Higher serum testosterone and dihydrotestosterone, but not oestradiol, are independently associated with favourable indices of lung function in community-dwelling men

• Published in: Clinical endocrinology (Oxford) Vol. 83; no. 2; pp. 268 - 276
• Main Authors: Mohan, Shalini S., Knuiman, Matthew W., Divitini, Mark L., James, Alan L., Musk, Arthur W., Handelsman, David J., Beilin, Jonathan, Hunter, Michael, Yeap, Bu B.
• Format: Journal Article
• Language: English
• Published: England Blackwell Publishing Ltd 01.08.2015; Wiley Subscription Services, Inc
• Subjects: Adult; Aged; Androgens - blood; Asthma - complications; Body Mass Index; Cardiovascular Diseases - blood; Cardiovascular Diseases - diagnosis; Dihydrotestosterone - blood; Estradiol - blood; Forced Expiratory Volume; Humans; Linear Models; Lung - physiology; Male; Mass Spectrometry; Middle Aged; Pulmonary Disease, Chronic Obstructive - complications; Respiratory Function Tests; Risk Factors; Smoking; Spirometry; Testosterone - blood; Vital Capacity; Western Australia; Western Australia
• ISSN: 0300-0664; 1365-2265
• DOI: 10.1111/cen.12738

Summary Objectives Lower circulating androgens and poorer lung function are associated with increased cardiovascular risk and mortality in men. The association between androgens and lung function is unclear. We tested the hypothesis that circulating testosterone (T) and its metabolites dihydrotestosterone (DHT) and oestradiol (E2) are differentially associated with lung function in men. Methods Early‐morning serum T, DHT and E2 were assayed using mass spectrometry in 1768 community‐dwelling men from Busselton, Western Australia.
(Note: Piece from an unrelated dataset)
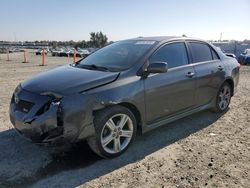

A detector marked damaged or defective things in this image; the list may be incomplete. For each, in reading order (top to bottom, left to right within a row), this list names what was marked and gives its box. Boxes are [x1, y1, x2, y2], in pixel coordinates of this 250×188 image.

crumpled front bumper [9, 86, 95, 144]
bent hood [21, 64, 119, 94]
damaged sedan [10, 36, 240, 158]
Forced expiratory volume in 1 s (FEV1) and forced vital capacity (FVC) were measured using spirometry. Linear regression models adjusting for age, height, smoking, exercise, body mass index, respiratory conditions and cardiovascular risk factors were used. Results Mean age was 50.1 ± 16·8 years. 16·0% were current smokers, 14·1% reported a history of asthma and 2·7% reported chronic obstructive pulmonary disease. Current smokers had higher T compared with never smokers (age‐adjusted mean 14·5 vs 13·5 nmol/l, P = 0·002) and higher E2 (65·3 vs 60·1 pmol/l, P = 0·017). In fully adjusted analyses, T was associated with FEV1 (51 ml per 1 SD increase, P < 0·001) as was DHT (62 ml, P < 0·001), E2 was not (P = 0·926). Similar results were seen for FVC (T: 76 ml, P < 0·001; DHT: 65 ml, P < 0·001; E2 P = 0·664). Higher DHT was marginally associated with the ratio FEV1/FVC (0·3% per 1 SD increase, P = 0·047). Conclusions Both T and DHT were independently associated with higher FEV1 and FVC in predominantly middle‐aged community‐dwelling men. Androgens may contribute to, or be biomarkers for, better lung function in men. Further research is needed to clarify whether androgens preserve lung function in ageing men.